WACO, TX - Thursday marked 25 years since a fire erupted at the Mount Carmel compound killing 76 people. It also ended the 51 day siege between Branch Davidians and federal agents.

And, a quarter of a century later, the deadly ending brought strong emotions.

"If you're listening to me Doyle, go hide under a rock, it's where you belong for doing that, not bringing your child out, what a low life," said McLennan County Sheriff Parnell McNamara.

 

 

Clive Doyle, along with dozens of others gathered on Thursday, April 19th to remember the 76 people who died at Mount Carmel.

"I didn't see where the fire started about noon somebody from upstairs yelled the building is on fire," said Doyle.

"It was his (David Koresh) prophecy that it was going to happen and he had to make it happen like that, so the government wasn't going to set the fire, so he (Koresh) had to set it," said Sheriff McNamara.

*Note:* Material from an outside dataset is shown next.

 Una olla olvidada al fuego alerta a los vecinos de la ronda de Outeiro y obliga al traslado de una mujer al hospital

"My theory is that yes they put the gas in, it was a lethal gas but it was not in a flammable situation at the time, but the ferret round that went in right afterwords exploded the whole thing."

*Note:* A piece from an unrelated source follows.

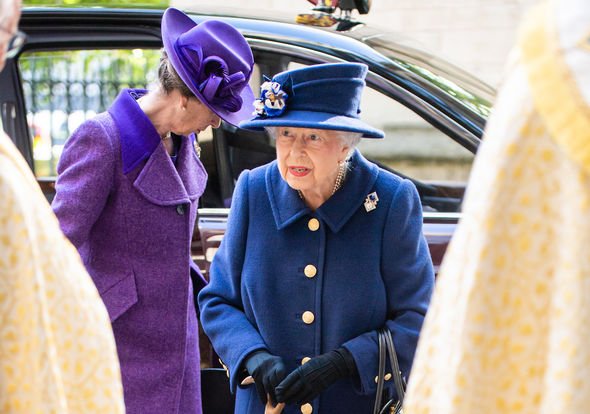 reine nouvelles photos princesse anne westminster abbaye royal britannique légion centenaire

Once the fire engulfed the compound, Sheriff McNamara says not many people came out.

"We expected the doors to fly open and everybody to come out," he added.

Many of the survivors say they stayed inside the burning building out of fear of getting shot.

"I says 'if we jump out, do you think they'll shoot us?'," said Doyle.

"It's the ultimate slap in the face for them to say that it was a suicide when we know there were shooters out there," said 

 

 

Doyle left the building, leaving behind his daughter.

"When I jumped out I look back over my shoulder and there were massive flames, and I'm thinking oh my god, I'm the only one that's got out, kind of felt bad about that. My daughter, my daughter died in the fire," said Doyle.

"He ran out of the compound during the fire and grabbed his dog, and left his daughter in there to burn up and she burned up in the there," said Sheriff McNamara.

76 people died 25 years ago and the whole ordeal left a combined 86 people dead, including four ATF agents.